MATERIAL PROVIDED:
[Start of Attachment]

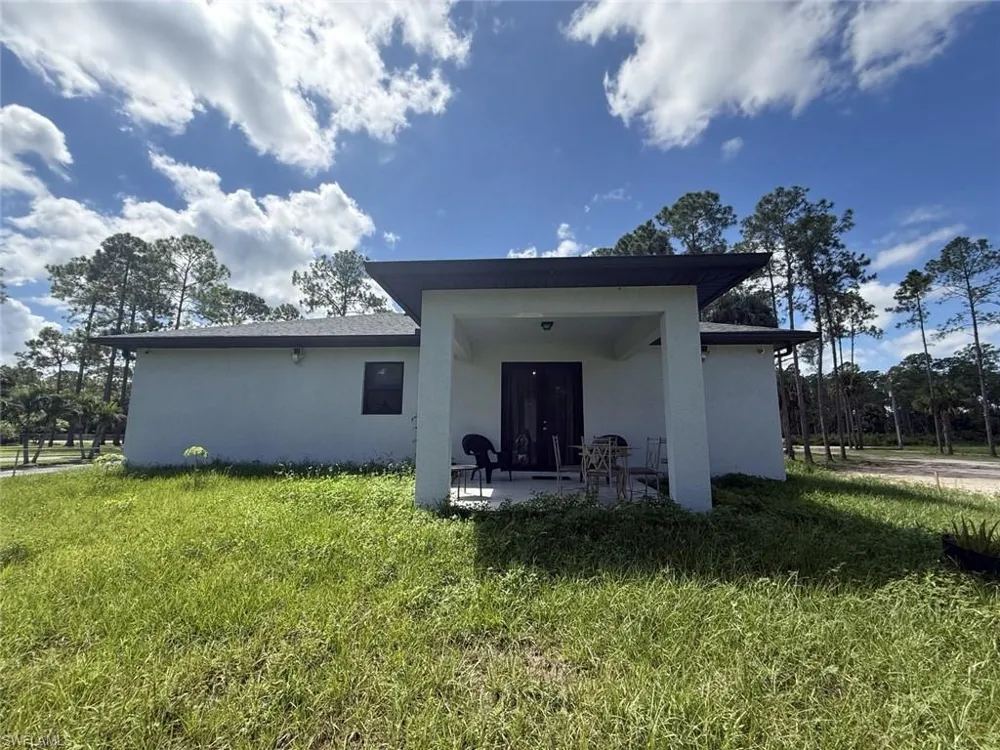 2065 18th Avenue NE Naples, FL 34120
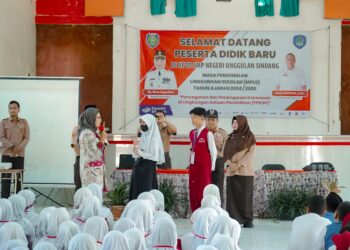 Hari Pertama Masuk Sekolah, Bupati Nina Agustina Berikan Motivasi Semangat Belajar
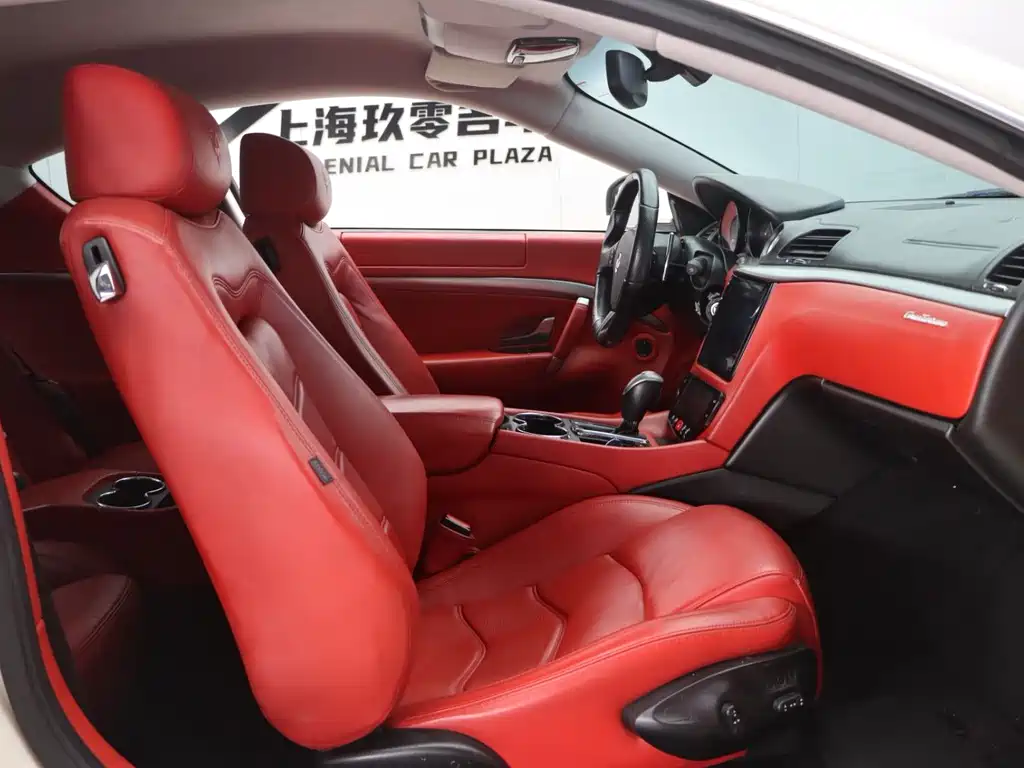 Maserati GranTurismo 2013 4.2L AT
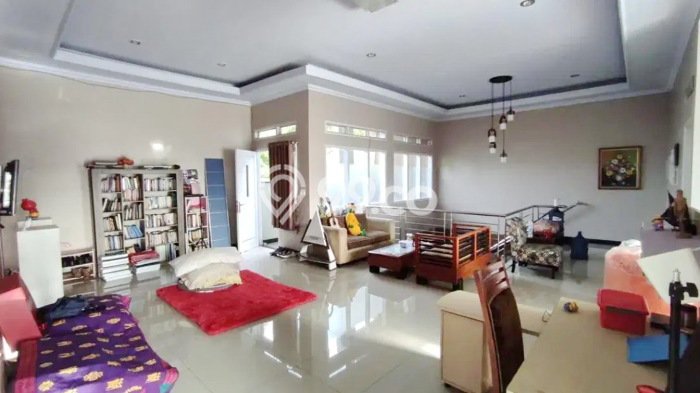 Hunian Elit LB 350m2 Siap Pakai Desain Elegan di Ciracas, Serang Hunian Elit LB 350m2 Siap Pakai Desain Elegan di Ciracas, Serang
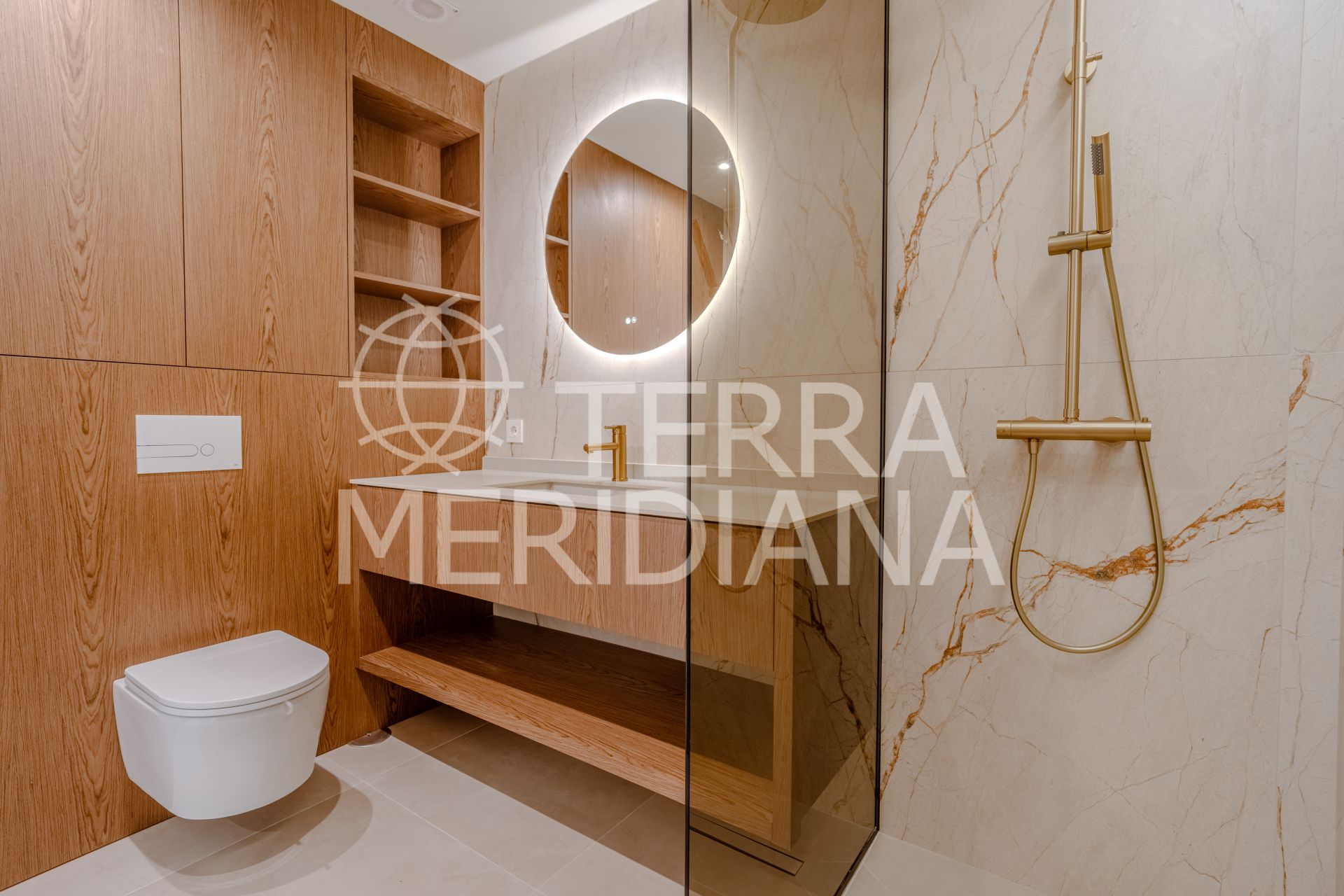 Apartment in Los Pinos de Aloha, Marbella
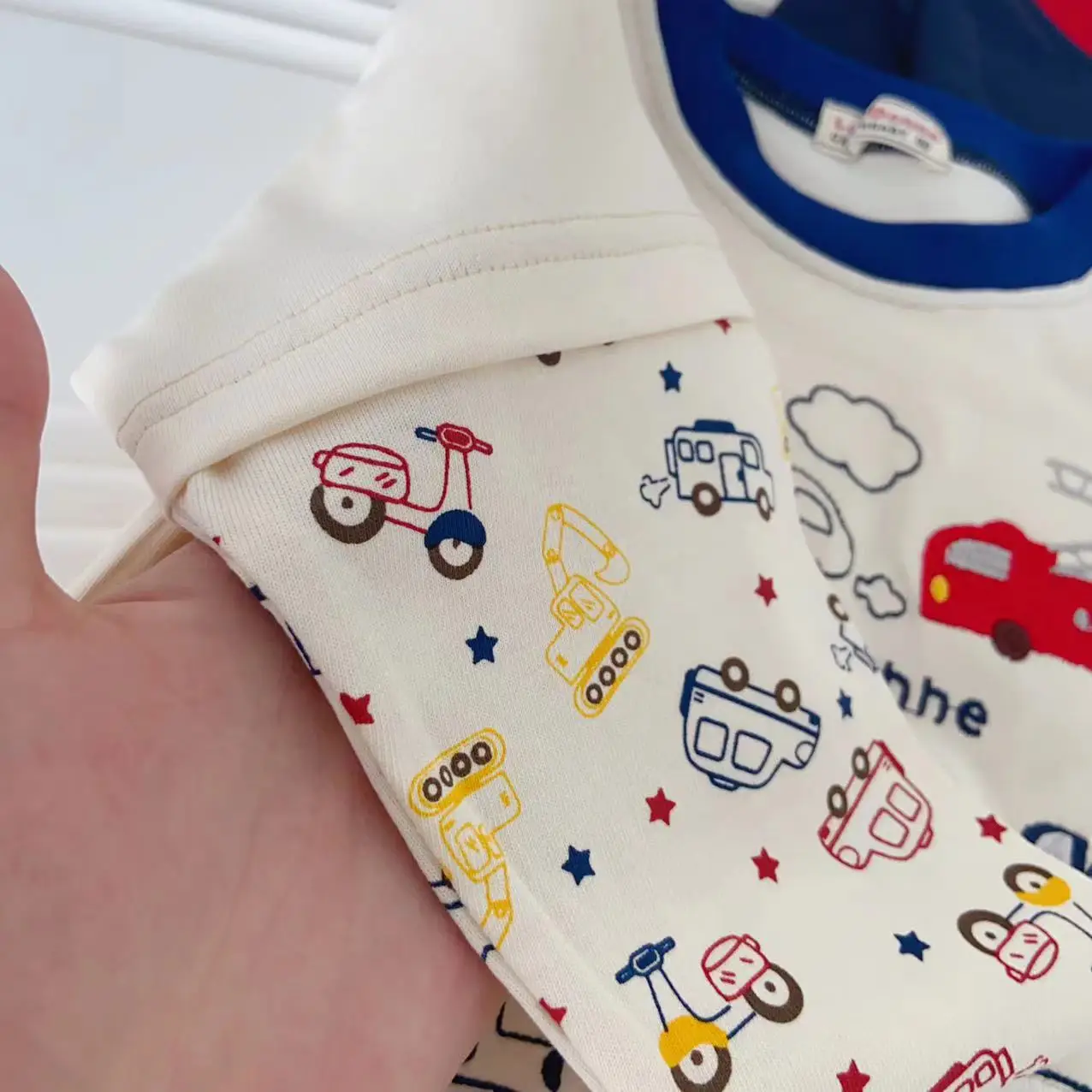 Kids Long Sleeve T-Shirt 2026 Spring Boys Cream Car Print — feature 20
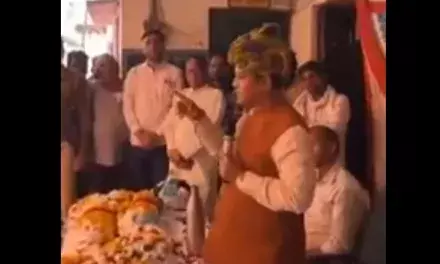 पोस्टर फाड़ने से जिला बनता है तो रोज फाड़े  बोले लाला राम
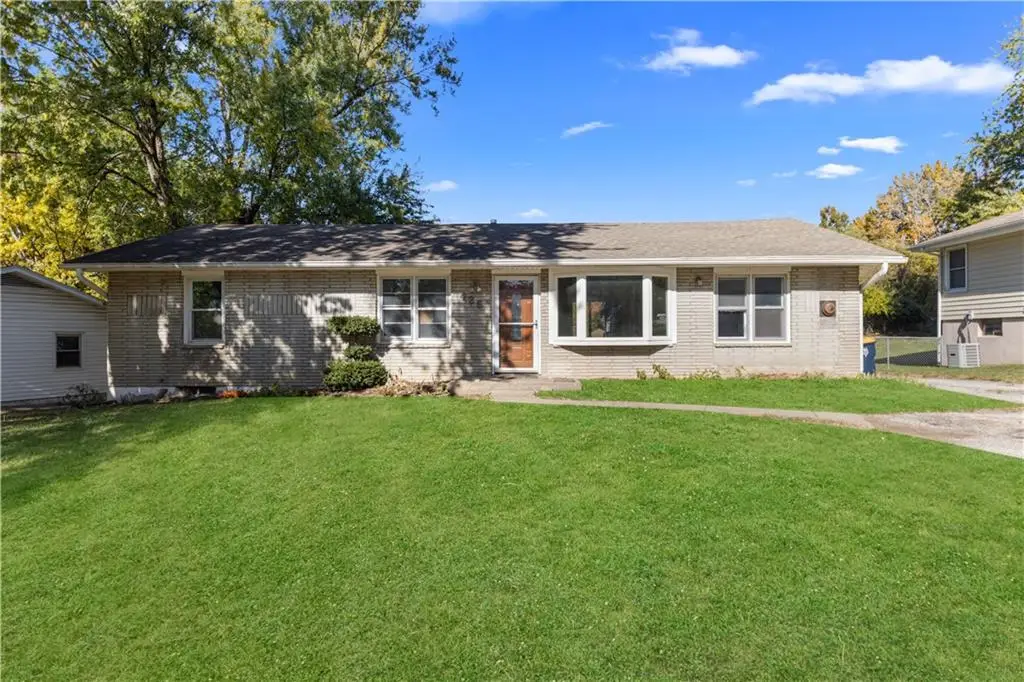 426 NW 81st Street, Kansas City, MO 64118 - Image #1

[End of Attachment]

WHAT YOU WILL DO:
Repeat word for word only the lines from the line holding "Kids Long Sleeve" to the final line of the material, both included. Don't carry over any picture.

WRITTEN ANSWER:
 Kids Long Sleeve T-Shirt 2026 Spring Boys Cream Car Print — feature 20
 पोस्टर फाड़ने से जिला बनता है तो रोज फाड़े  बोले लाला राम
 426 NW 81st Street, Kansas City, MO 64118 - Image #1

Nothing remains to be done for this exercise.